Record-Setting Metrics

Once tuned, the cluster delivered:

1.025 TiB/s sequential read throughput (4 MB block size, 3× replication)
270 GiB/s sequential write throughput (3× replication)
25.5 million IOPS for 4K random reads
With erasure coding (6+2), over 500 GiB/s sequential reads and 387 GiB/s writes

The key was balancing the number of clients with OSD scaling, optimizing placement groups (PGs), threads, and shard configurations to avoid “laggy” states under extreme load.

Why This Matters for Ceph at Scale

For years, Ceph has been associated with flexibility and cost efficiency, but not necessarily with the top-tier performance seen in specialized storage appliances. This deployment proves that — in the right hands — Ceph can deliver unprecedented throughput and IOPS without sacrificing its open-source advantages.

It also highlights the importance of pairing the right hardware architecture with deep operational expertise, especially for large-scale AI, HPC, or cloud workloads where predictable high performance is critical.

Industry Perspective: Stackscale on Ceph and Enterprise Storage Strategy

David Carrero, co-founder of Stackscale (part of Grupo Aire), emphasizes that Ceph’s true potential lies in its adaptability to real-world enterprise requirements.
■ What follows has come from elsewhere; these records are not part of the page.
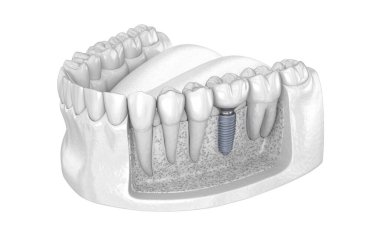 İmplantla azı dişi alınıyor. İnsan dişleri ve protez kavramının tıbben doğru üç boyutlu çizimi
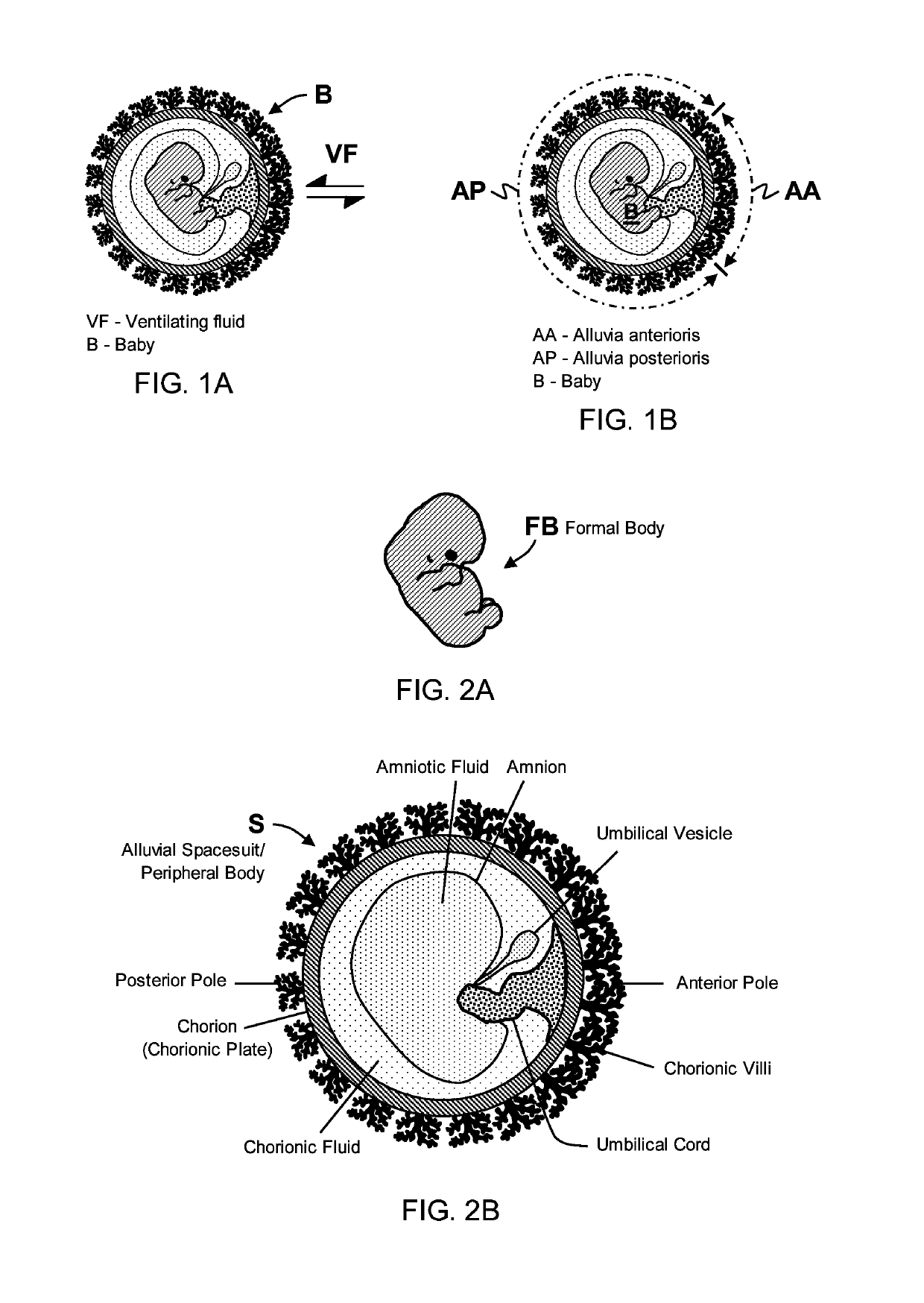 Nondestructive means of ectopic pregnancy management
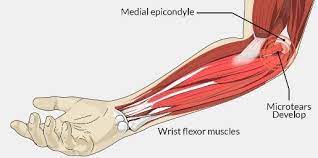 The last week has been better, but it still feels pretty messed up, and i can't use more than about 25% of my strength safely. How To Fix Elbow Pain Louisiana Golf Association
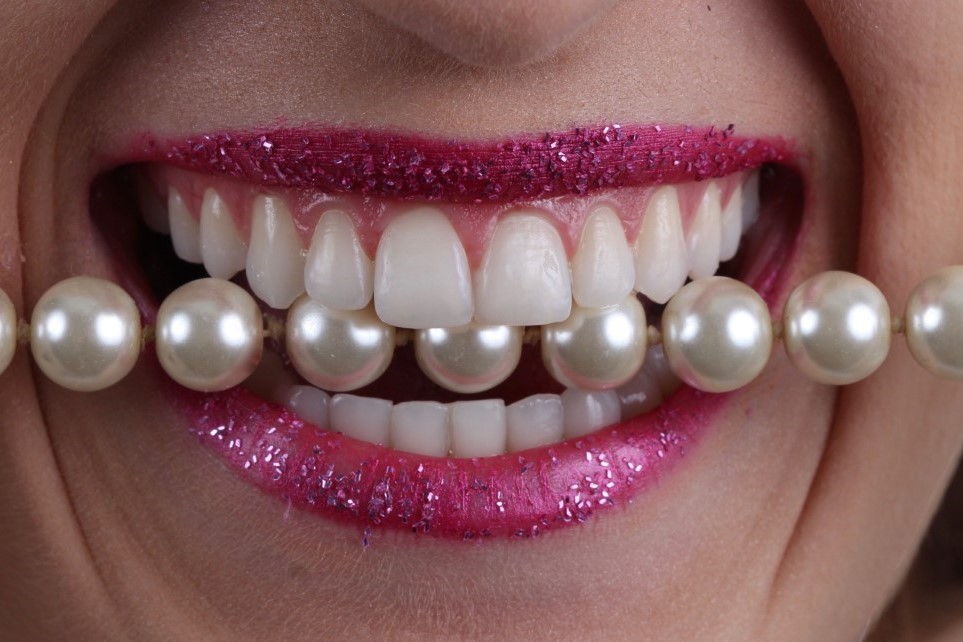 IMG_0145 (Personalizado)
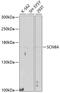 Sodium Voltage-Gated Channel Alpha Subunit 8 antibody, 13-368, ProSci, Western Blot image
“At Stackscale, we enable our customers to deploy Ceph on dedicated infrastructure, either integrated with Proxmox environments or as part of fully customized high-performance architectures. In addition to Ceph, we also offer advanced network storage solutions based on NetApp technology, including a synchronous replication setup between two Madrid data centers with RTO=0 and RPO=0. This combination allows us to deliver the ideal balance of performance, resilience, and availability, tailored to each client’s needs.”

Carrero notes that well-implemented Ceph is a strategic enabler for organizations seeking technological independence, full control over their data, and optimized cost structures without sacrificing performance.

Key Technical Specs

Metric	3× Replication	EC 6+2
Sequential Read (4 MB)	1.025 TiB/s	547 GiB/s
Sequential Write (4 MB)	270 GiB/s	387 GiB/s
4K Random Read	25.5 M IOPS	3.4 M IOPS
4K Random Write	4.9 M IOPS	936 K IOPS

Beyond the Benchmark: The Road Ahead

While the numbers are impressive, engineers see room for improvement — particularly in scaling write performance further and increasing per-node IOPS ceilings. This could involve deeper changes to Ceph’s OSD internals and more intelligent data placement strategies.
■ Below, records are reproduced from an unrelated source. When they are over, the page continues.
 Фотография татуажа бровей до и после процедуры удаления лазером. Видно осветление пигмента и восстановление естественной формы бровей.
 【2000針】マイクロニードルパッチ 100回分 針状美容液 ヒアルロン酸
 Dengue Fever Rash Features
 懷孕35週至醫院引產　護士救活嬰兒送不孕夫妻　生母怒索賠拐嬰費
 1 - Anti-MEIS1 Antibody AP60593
For the enterprise market, the lesson is clear: open-source distributed storage is no longer just a cost-saving alternative. In the right configurations, it is a performance leader.

FAQs

1. What is Ceph and why is it significant?
Ceph is an open-source, software-defined storage platform providing block, object, and file services with high scalability and fault tolerance.
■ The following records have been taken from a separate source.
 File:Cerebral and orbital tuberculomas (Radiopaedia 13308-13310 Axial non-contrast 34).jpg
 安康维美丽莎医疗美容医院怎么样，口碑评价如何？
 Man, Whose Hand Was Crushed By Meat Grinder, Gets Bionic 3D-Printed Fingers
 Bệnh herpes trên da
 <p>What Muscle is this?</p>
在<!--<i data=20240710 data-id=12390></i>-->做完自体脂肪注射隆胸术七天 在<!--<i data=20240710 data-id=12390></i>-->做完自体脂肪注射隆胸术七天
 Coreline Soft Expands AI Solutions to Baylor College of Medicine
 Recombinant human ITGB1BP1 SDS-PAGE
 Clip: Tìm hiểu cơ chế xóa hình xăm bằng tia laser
2. Why were AMD EPYC processors chosen?
Their high core counts, DDR5 bandwidth, and energy efficiency made them ideal for handling hundreds of OSDs per node.

3. What is Stackscale’s synchronous NetApp storage solution?
A real-time replication service between two Madrid data centers ensuring zero downtime (RTO=0) and zero data loss (RPO=0).

4. Can Ceph be combined with other enterprise storage systems?
Yes. Stackscale supports hybrid designs, integrating Ceph with high-availability NetApp storage for optimal flexibility and resilience.

vía: ceph.io y Revista Cloud

X (Twitter) Facebook Pinterest LinkedIn Email WhatsApp

Ceph Breaks Records: AMD EPYC Deployment Delivers Sustained 1 TiB/s Throughput, Setting a New Benchmark for Distributed Storage

From Legacy HDD to All-NVMe: The Path to Performance

Three Bottlenecks and How They Were Crushed

Record-Setting Metrics

Why This Matters for Ceph at Scale

Industry Perspective: Stackscale on Ceph and Enterprise Storage Strategy

Key Technical Specs

Beyond the Benchmark: The Road Ahead

FAQs

Related articles

Rust Isn’t New. So Why Is It Suddenly So Popular?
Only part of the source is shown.